Diriawayatkan bahwa Imam Jakfar Al-Shadiq as berkata;
حبُّ الله إذا أضاء على سرِّ عبد أخلاه عن كلِّ شاغل وكلِّ ذكر سوى الله عند ظلمة. والمحبُّ أخلص الناس سرَّاً لله، وأصدقهم قولاً، وأوفاهم عهداً، وأزكاهم عملاً، وأصفاهم ذكراً، وأعبدهم نفساً، تتباهى الملائكة عند مناجاته، وتفتخر برؤيته، و به يعمر الله ـ تعالى ـ بلاده، وبكرامته يكرم عباده يعطيهم إذا سألوا بحقِّه، ويدفع عنهم البلايا برحمته. فلو علم الخلق ما محلُّه عند الله ومنزلته لديه، ما تقرَّبوا إلى الله إلاّ بتراب قدميه.
“Kecintaan kepada Allah ketika menerangi kesendirian hambaNya niscaya mengosongkannya dari setiap orang yang sibuk dan segala ingatan kepada selain Allah dalam kegelapan. Pecinta adalah orang yang paling ikhlas kepada Allah di kala sendiri, paling jujur tutur katanya, paling tepat janjinya, paling bersih perbuatannya, paling jernih ingatanya, paling mengabdi jiwanya. Para malaikat berbangga dalam munajatnya, dan berbangga memandangnya. Dengannya Allah SWT memakmurnya negerinya. Dengan kemuliaannya Allah memuliakan dan menganugerahi hamba-hambaNya manakala mereka meminta dengan menyebut namanya, dan dengan rahmatnya Allah melindungi mereka dari malapetaka. Seandainya manusia mengetahui bagaimana tempat dan kedudukannya di sisi Allah niscaya mereka tidak akan bertaqarrub kepada Allah kecuali dengan debu telapak kakinya.”[5]

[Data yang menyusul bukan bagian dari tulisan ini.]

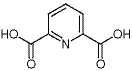 2,6-Pyridinedicarboxylic Acid/499-83-2/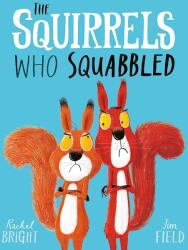 Squirrels Who Squabbled (0000)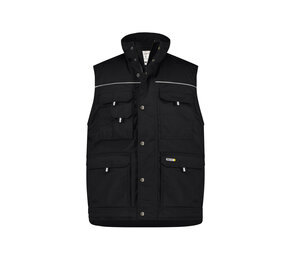 Dassy Mons Bodywarmer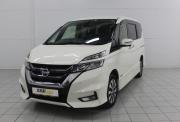 Nissan Serena IV (C26) Астрахань  - изображение 22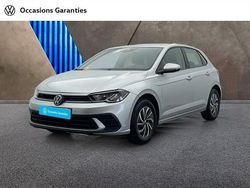 Utilisé 2024 VW Polo Life | 20 698 € (Prix juste)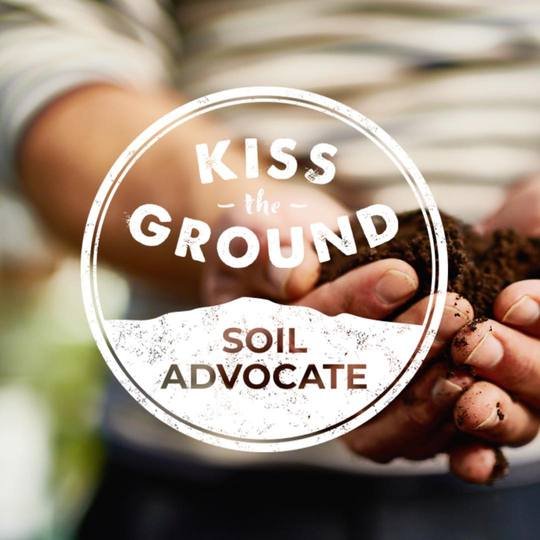   Soil Advocacy Training    Become a messenger of opportunity in trying times:  “Together, we can do this!” We can DRAWDOWN carbon from our atmosphere to REGENERATE our land back to health by rebuilding healthy soil!  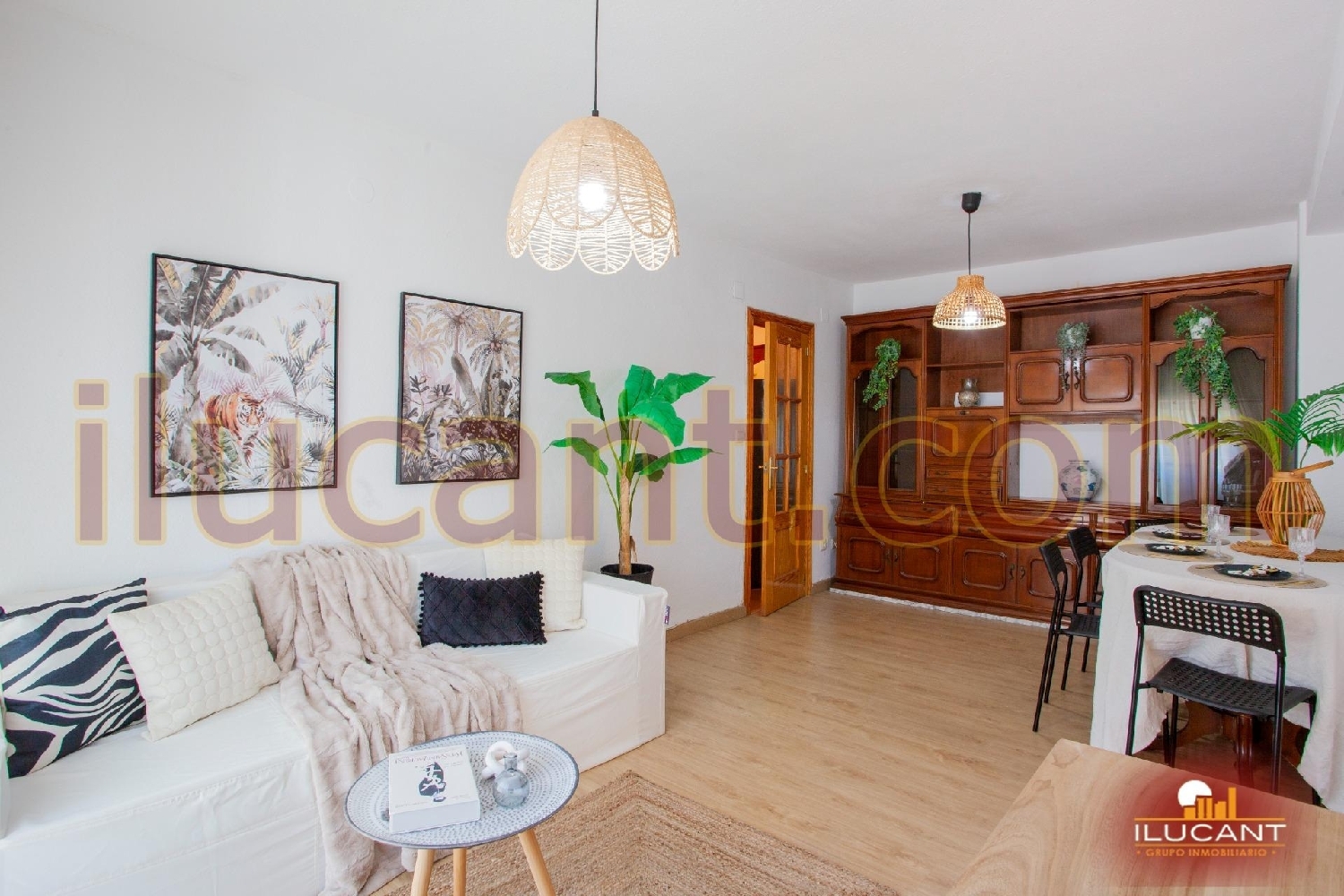 à vendre appartement Alicante Centro 03001 Alacantí 4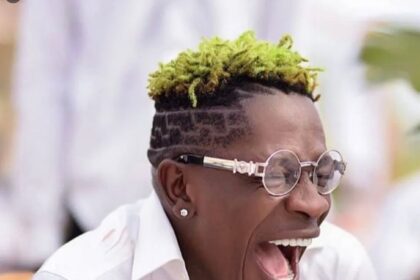 Shatta Wale: Vybz Kartel's Endorsement Feels Like a Grammy Win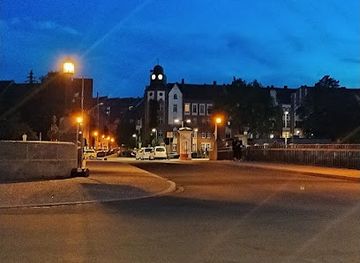 germany/erfurt/andreasvorstadt/landmark/gert-schramm-strasse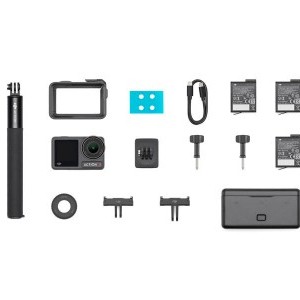 DJI Osmo Action 4 Camera Adventure Combo-6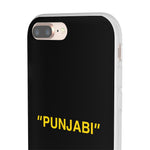 PUNJABI CASE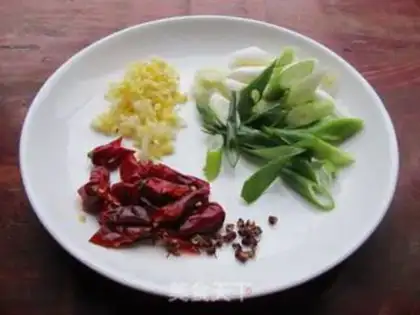 Make Miyagi chicken step 2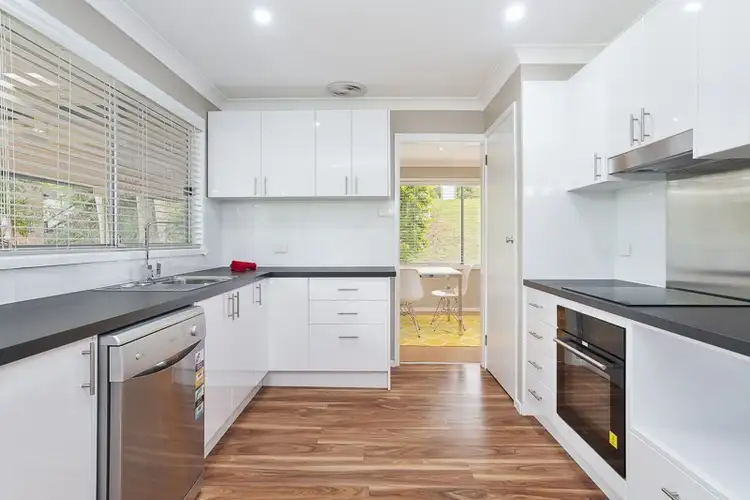 Second view of Homely house listing, 2 Bowness Street, New Lambton Heights NSW 2305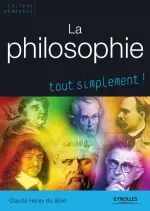 La Philosophie Tout Simplement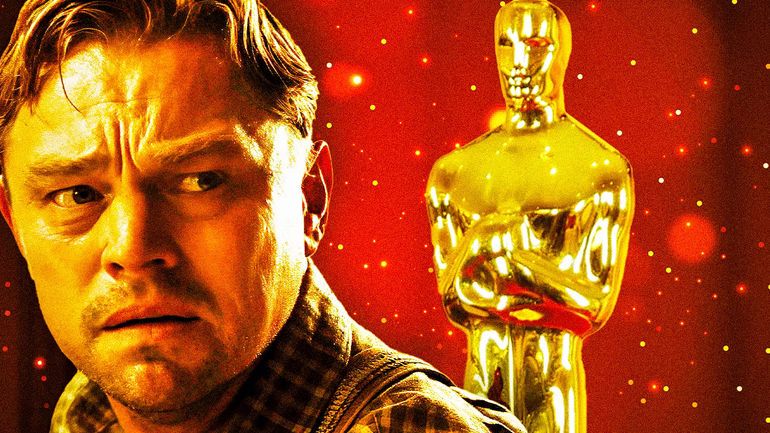 The Decline of Leonardo DiCaprio's Oscar Chances: What Went Wrong?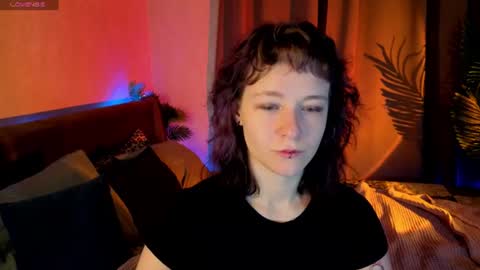 Snapshot of ricki_bloom chatting on 07/02/26, 01:16 Ricki online show from 07/02/26, 01:16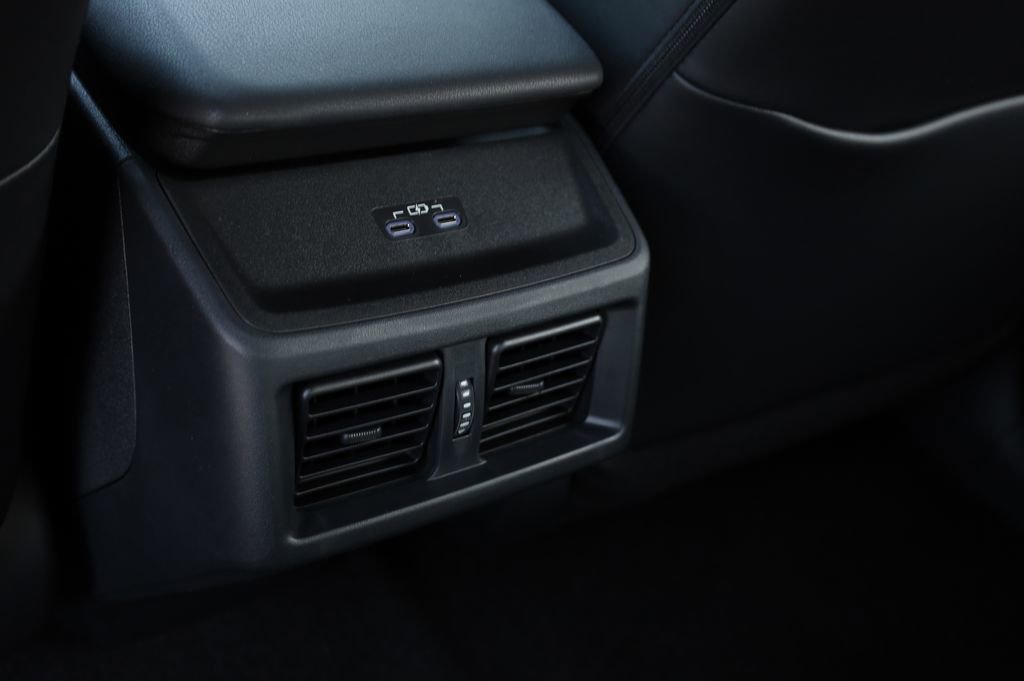 New 2026 Toyota bZ image 27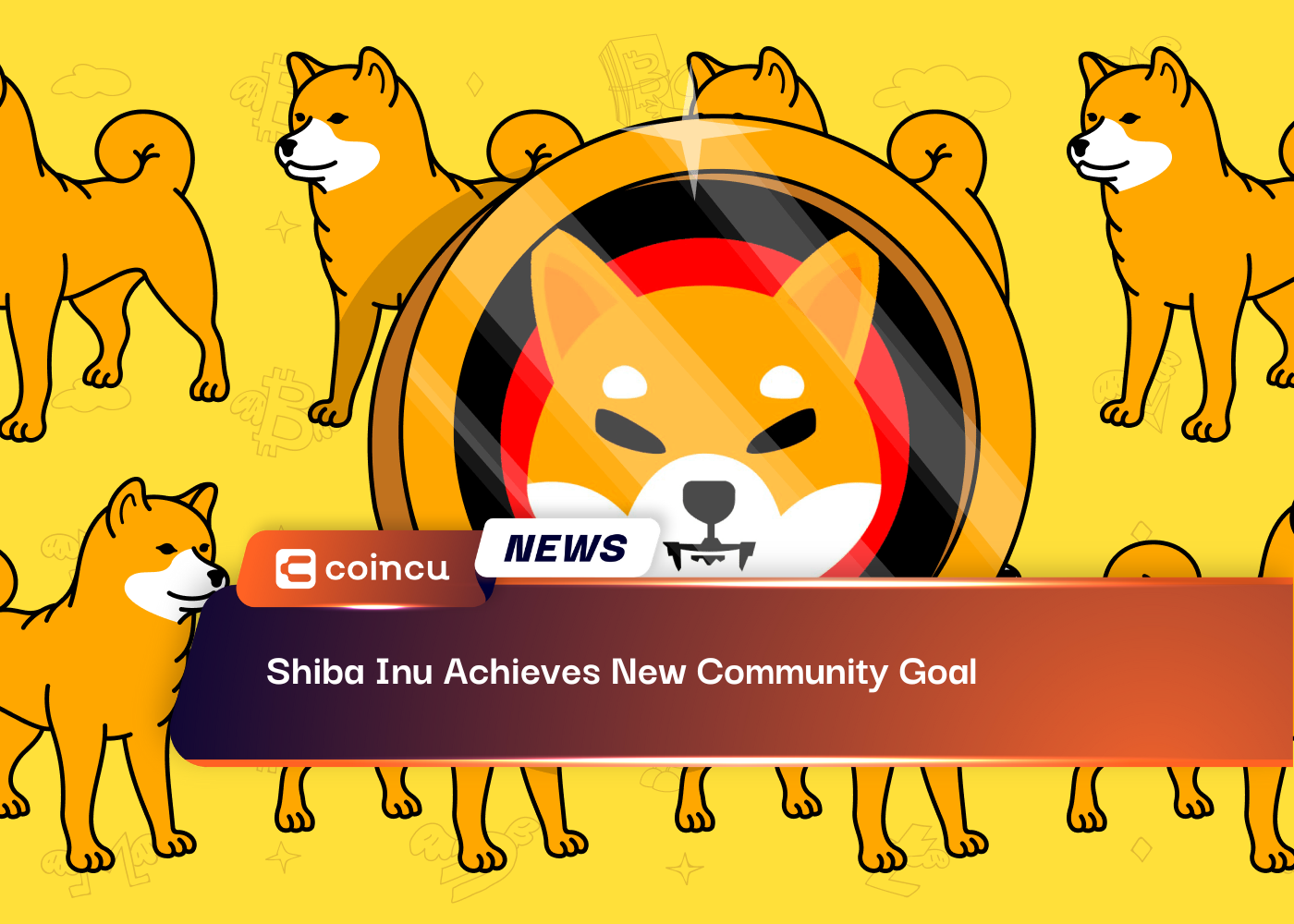 Shiba Inu Achieves New Community Goal 1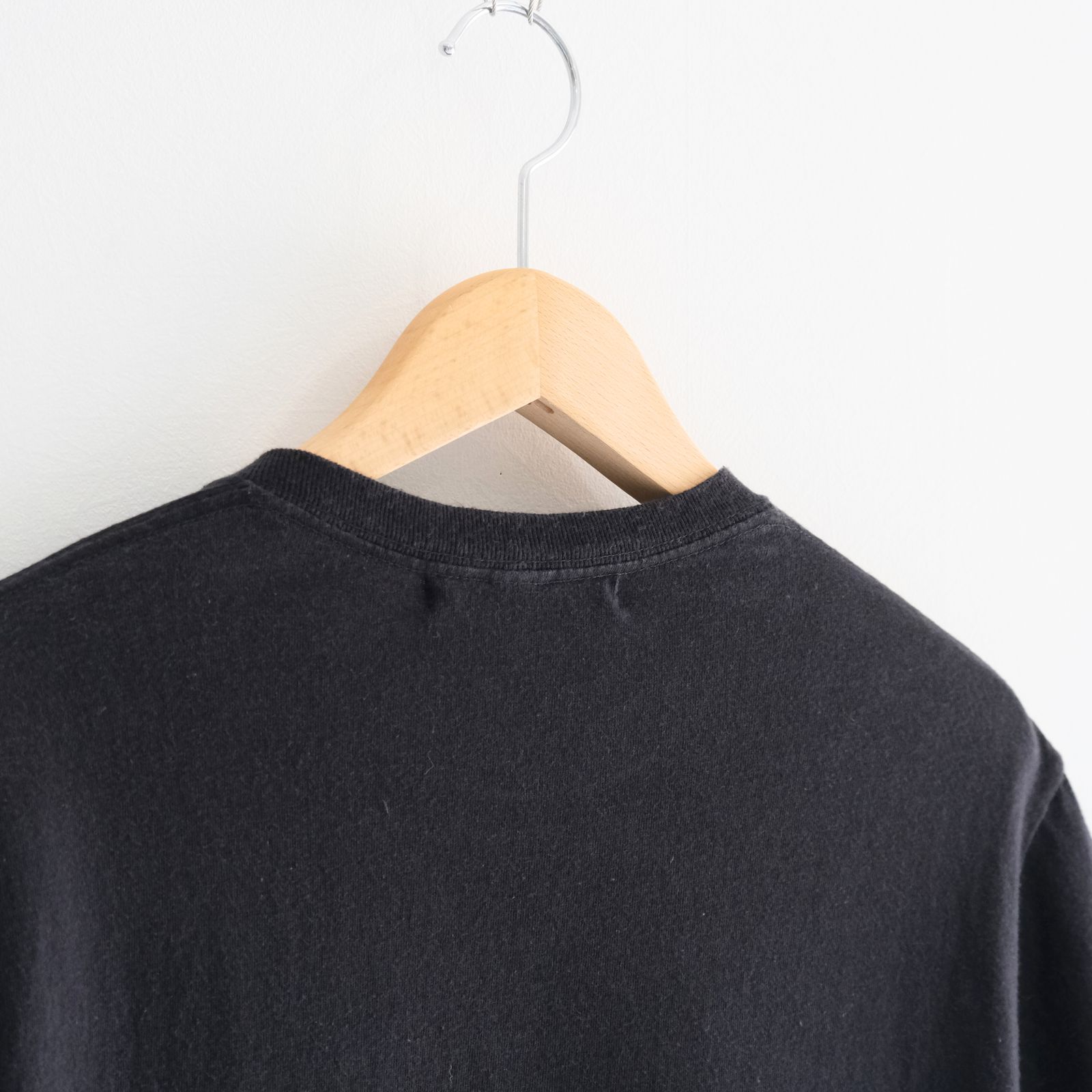 REWORK HAND EMBROIDERY TEE / Tシャツ / 手刺繍 / アソート / 2
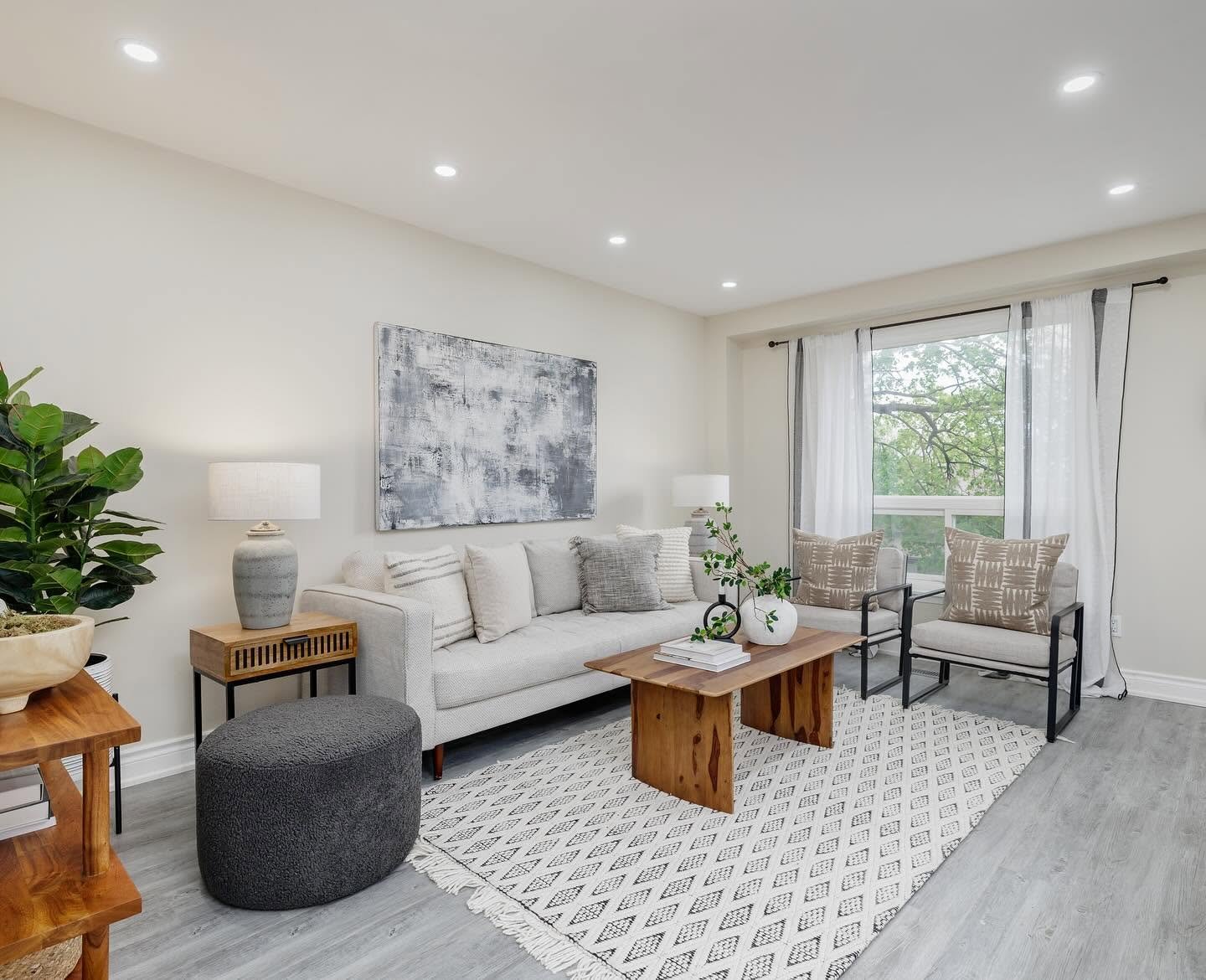 Bring New Life to Your Home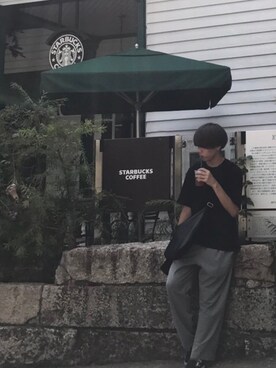 りょーすけさんのコーディネート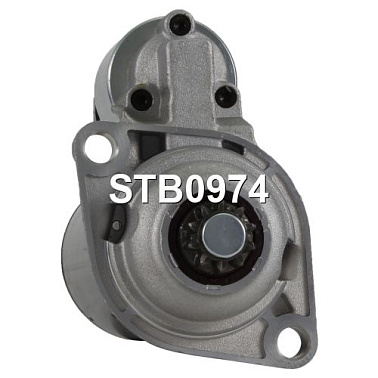 Стартер KRAUF STB0974BA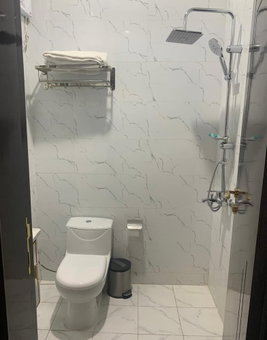 Qimam Park Hotel, Abha, Saudi Arabia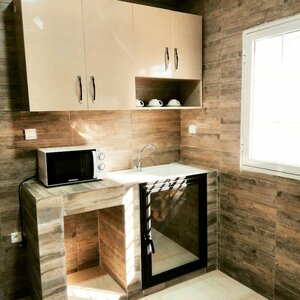 Гостиница Valencia Hotel Appart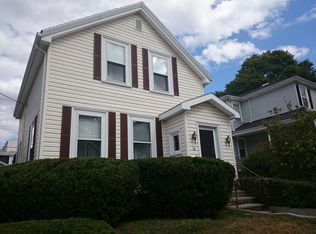 18 Summer St, Boston, MA 02132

Amirul Mukminin Ali bin Abi Thalib as berkata;
حبُّ الله نار لا يمرُّ على شيء إلاّ احترق. ونور الله لا يطَّلع على شيء إلاّ أضاء. وسحاب(5) الله ما يظهر من تحته شيء إلاّ غطّاه. وريح الله ما تهبُّ في شيء إلاّ حرَّكته. وماء الله يحيي به كلّ شيء، وأرض الله ينبت منها كلُّ شيء. فمَنْ أحبَّ الله أعطاه كلَّ شيء من المال والملك.
“Cinta kepada Allah adalah api yang tidak melintasi apapun kecuali membakarnya, dan cahaya Allah tidak memancar pada apapun kecuali meneranginya. Awan Allah, tiada sesuatu menampak dibawahnya kecuali dibayangi olehnya. Angin Allah tidak menghembus pada sesuatu kecuali menggerakkannya. Air Allah menghidupkan segala sesuatu, dan dari bumi Allah segala sesuatu tumbuh. Maka siapa mencintai Allah niscaya Dia memberinya segala sesuatu berupa harta dan kekuasaan.”[6]
(Bersambung)
[1] QS. Al-Maidah [5]: 54.
[2] QS. Al-Baqarah [2]: 165.
[3] QS. Ali Imran [3]: 31.
[4] QS. Al-Taubah [9]: 24.
[5] Bihar Al-Anwar, jilid 70, hal. 23, dinukil dari Mishbah Al-Syari’ah, hal. 24.
[6] Ibid, hal. 23 – 24. Kalimat terakhir seakan menunjukkan bahwa segala sesuatu di dunia tunduk pada kekuasaan pecinta Allah meskipun bisa jadi dia sama sekali tidak menghendakinya.